Investigation of Isolation Approaches and the Stoichiometry of SiNx Passivation Layers in “Buffer-Free” AlGaN/GaN Metal–Insulator–Semiconductor High-Electron-Mobility Transistors

Artikel i vetenskaplig tidskrift, 2023

Critical process modules for the fabrication of metal–insulator–semiconductor high-electron-mobility transistors (MISHEMTs) based on a novel ‘buffer-free’ AlGaN/GaN heterostructure grown with metal–organic chemical vapor deposition (MOCVD) are presented. The methods of isolation and passivation for this type of heterostructure are investigated.
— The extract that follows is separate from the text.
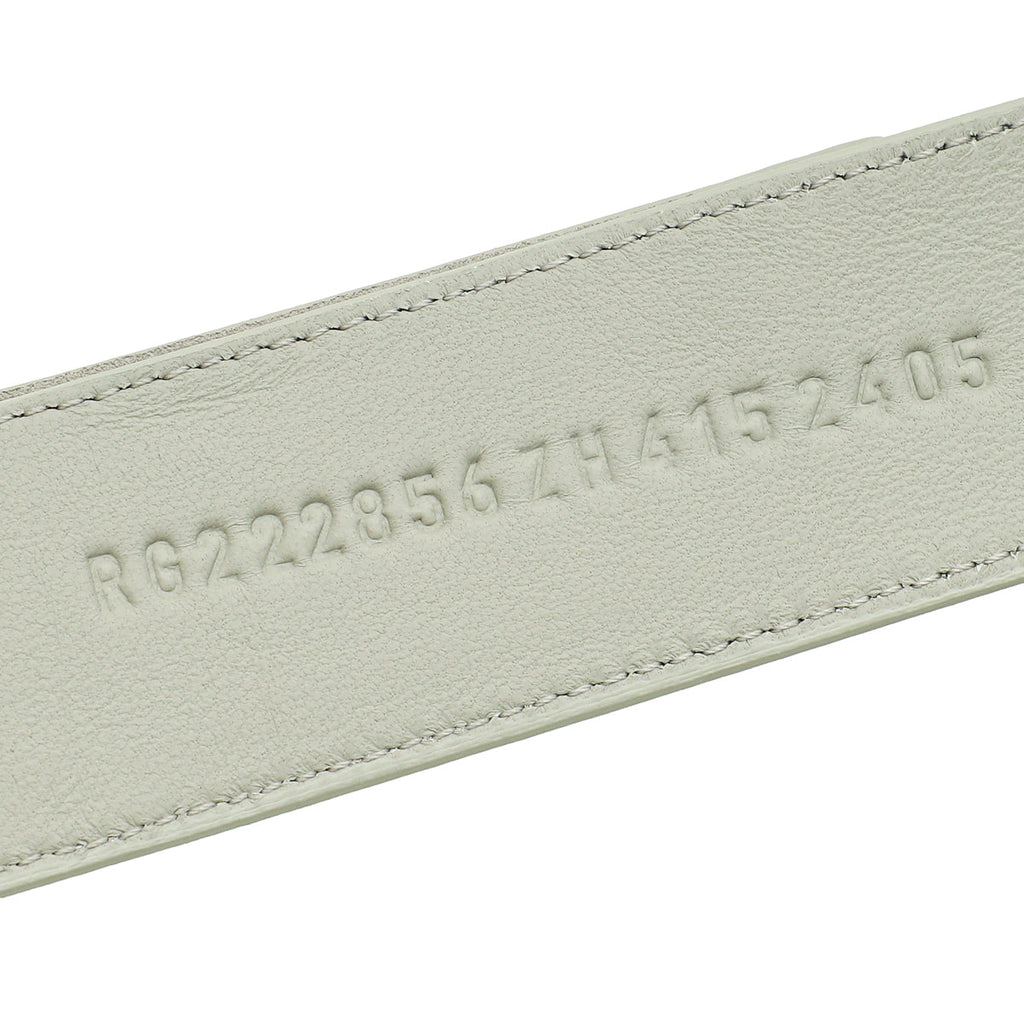 Hermes Grey Suede Chypre Sandals 41.5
Utilizing nitrogen implantation, it is possible to achieve off-state destructive breakdown voltages (BVs) of 2496 V for gate–drain distances up to 25 μm, whereas mesa isolation techniques limit the BV below 1284 V. The stoichiometry of the SiNx passivation layer displays a small impact on the static and dynamic on-resistance. However, MISHEMTs with Si-rich passivation show off-state gate currents in the range of 1–100 μA mm−1 at voltages above 1000 V, which is reduced below 10 nA mm−1 using a stoichiometric SiNx passivation layer. Destructive BVs of 1532 and 1742 V can be achieved using gate-integrated and source-connected field plates for MIHEMTs with stoichiometric and Si–rich passivation layers, respectively. By decreasing the field plate lengths, it is possible to achieve BVs of 2200 V. This demonstrates the implementation of MISHEMTs with high-voltage operation and low leakage currents on a novel “buffer-free” heterostructure by optimizing the SiNx stoichiometry.